Centralizing Outbound Traffic with AWS Private NAT Gateway

Introduction

When operating a multi-account AWS environment with several runtime VPCs, connecting to external systems through a Site-to-Site VPN often requires the destination's firewall to whitelist every source IP address. As environments grow, the number of IPs grows with them — and so does the operational burden of maintaining those firewall rules.

This post presents a production-tested architecture that solves this problem: deploying a Private NAT Gateway in a dedicated VPC attached to an AWS Transit Gateway. All outbound traffic destined for the VPN partner is Source NAT'd (SNAT) to a single IP address, drastically reducing the firewall management overhead at the partner's end.

What you'll learn:

How to design a NAT VPC with Transit Gateway route tables (IaC-agnostic)
Complete forward and return traffic flows with SNAT/DNAT
The asymmetric routing risk and how to prevent silent packet drops
Operational considerations for production readiness

The Problem: IP Whitelisting at Scale

Consider this common multi-account architecture:

Multiple runtime VPCs (environment 1, environment 2, environment 3, environment 4, environment n), each with their own CIDR ranges
A Transit Gateway connecting all VPCs
A Site-to-Site VPN routing traffic to an external partner's network
The partner's firewall that requires all source IPs to be whitelisted

In this setup, every private subnet across all runtime VPCs must be individually whitelisted. Each environment uses 2 private subnets with /22 CIDRs — a /22 block provides 1,024 addresses, so each environment contributes 2,048 IPs. With 4 environments, that totals ~8,192 IP addresses to whitelist and maintain. This creates several problems:

Operational overhead — Adding or modifying subnets triggers firewall change requests on the partner side
Overlapping CIDR conflicts — Large numbers of entries increase the chance of range collisions
Scalability wall — Every new environment adds more IPs to the whitelist
Audit complexity — Mapping which IPs belong to which environment becomes error-prone

How Traffic Flowed Before NAT Gateway

Each runtime VPC attachment was associated with the TGW route table vpc-rt, which routed traffic for the partner CIDR (192.x.x.x/16) directly to the VPN attachment. The partner's firewall saw a different source IP depending on which environment and pod originated the request — one of ~8,192 possible addresses.

The Solution: Private NAT Gateway

The fix is architecturally elegant: instead of letting every runtime VPC IP reach the VPN directly, route all traffic through a central Private NAT Gateway that performs Source NAT.

Key Design Decisions

What Changes for Applications?

Nothing. Applications continue connecting to the partner's systems using the same hostnames and ports.
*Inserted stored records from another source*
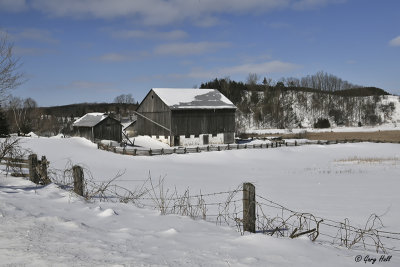 Barn - Humber Station Rd.jpg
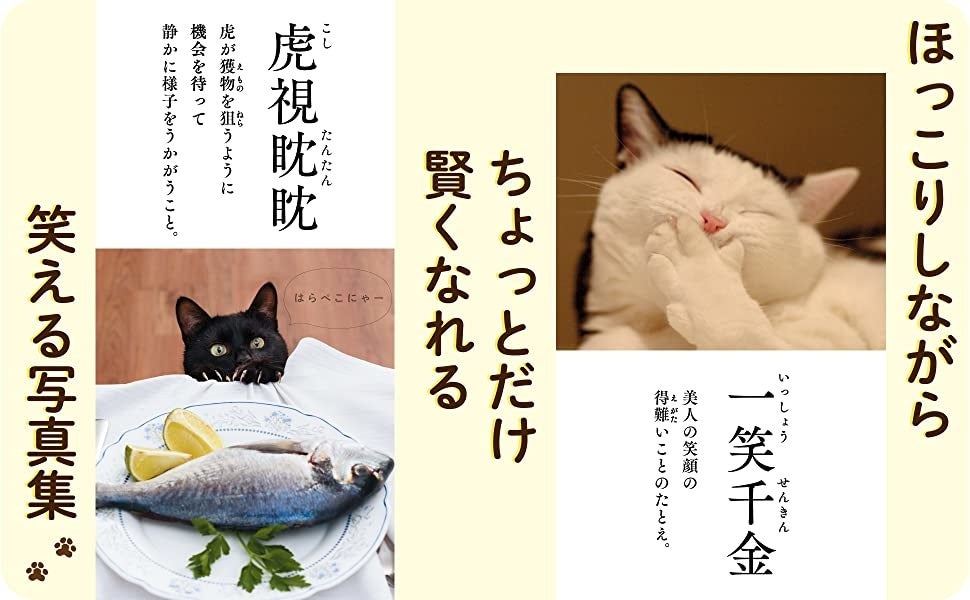話題沸騰 にゃんこ四字熟語辞典 が12万部突破 株式会社飛鳥新社のプレスリリース 話題沸騰 にゃんこ四字熟語辞典 が12万部突破 株式会社飛鳥新社のプレスリリース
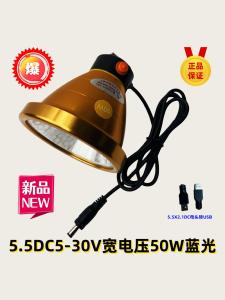 HongShun Outdoor Ultra-Bright Night Fishing Lamp LED 10W-100W Yellow White Blue Light Fishing Light Waterproof IPX8 Heavy Duty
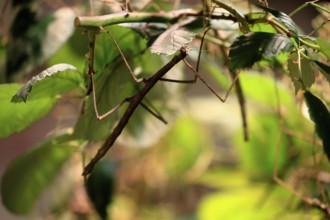 Annam stick insect (Medauroidea extradentata), Vietnamese stick insect, ghost insect, adult,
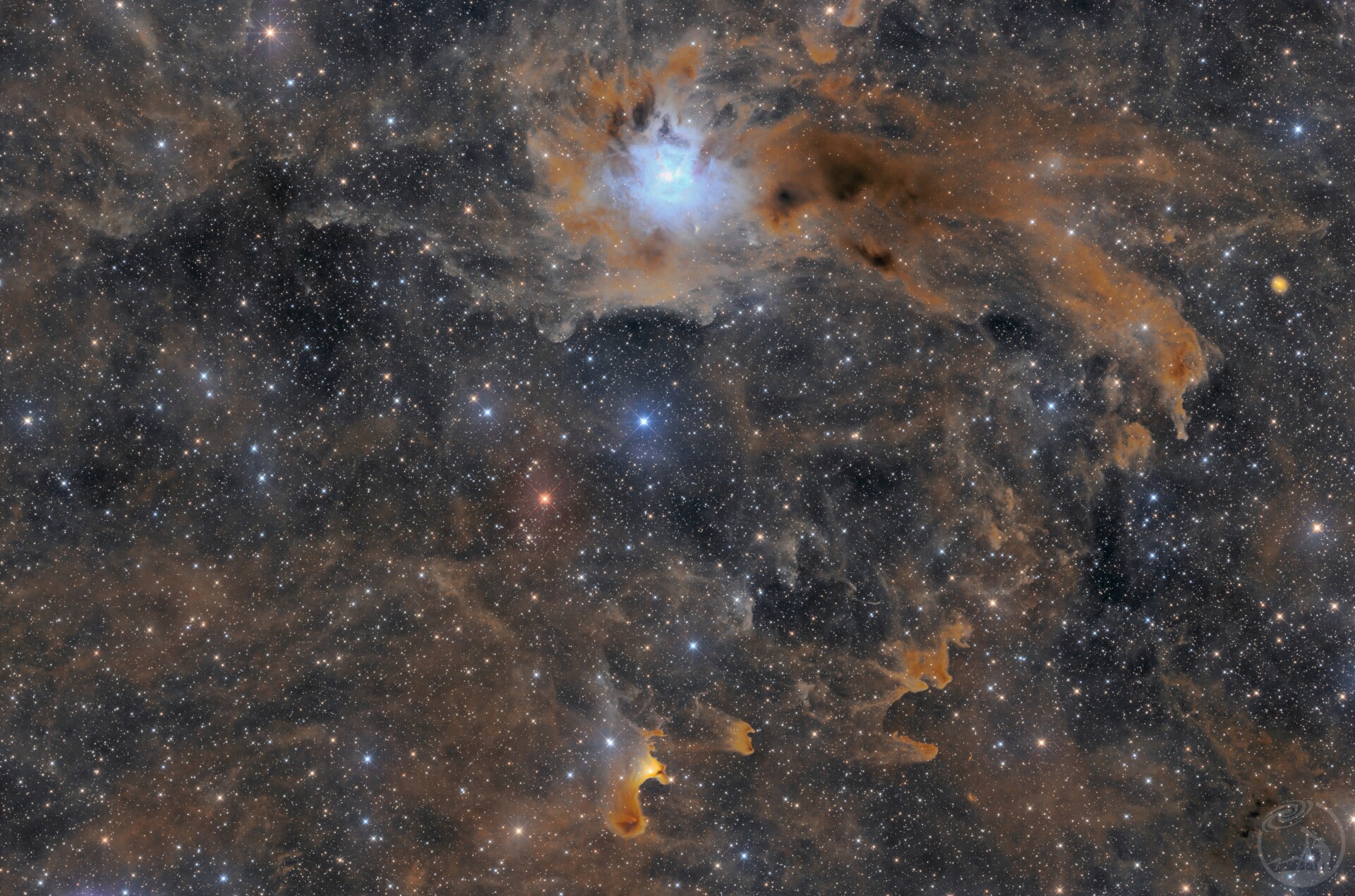 NGC7023鸢尾花 & vdB141鬼魂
The routing change is entirely transparent — no code changes, no configuration changes, no DNS changes.

Architecture Design

NAT VPC Layout

The NAT VPC is created in the Transit Gateway account with a deliberate subnet separation:

This diagram depicts the forward and return traffic paths within the NAT VPC, illustrating why three subnets across two Availability Zones are required — one for the NAT Gateway and two for the TGW attachment ENIs (one per AZ). By default, Transit Gateway maintains AZ affinity: traffic exits through the same AZ it entered. With TGW attachment ENIs in both AZs, traffic from any runtime VPC AZ can reach the NAT Gateway, and return traffic traverses the same AZ path it took on the way out — a requirement for the stateful NAT Gateway to perform correct DNAT. This is the core principle behind preventing asymmetric routing.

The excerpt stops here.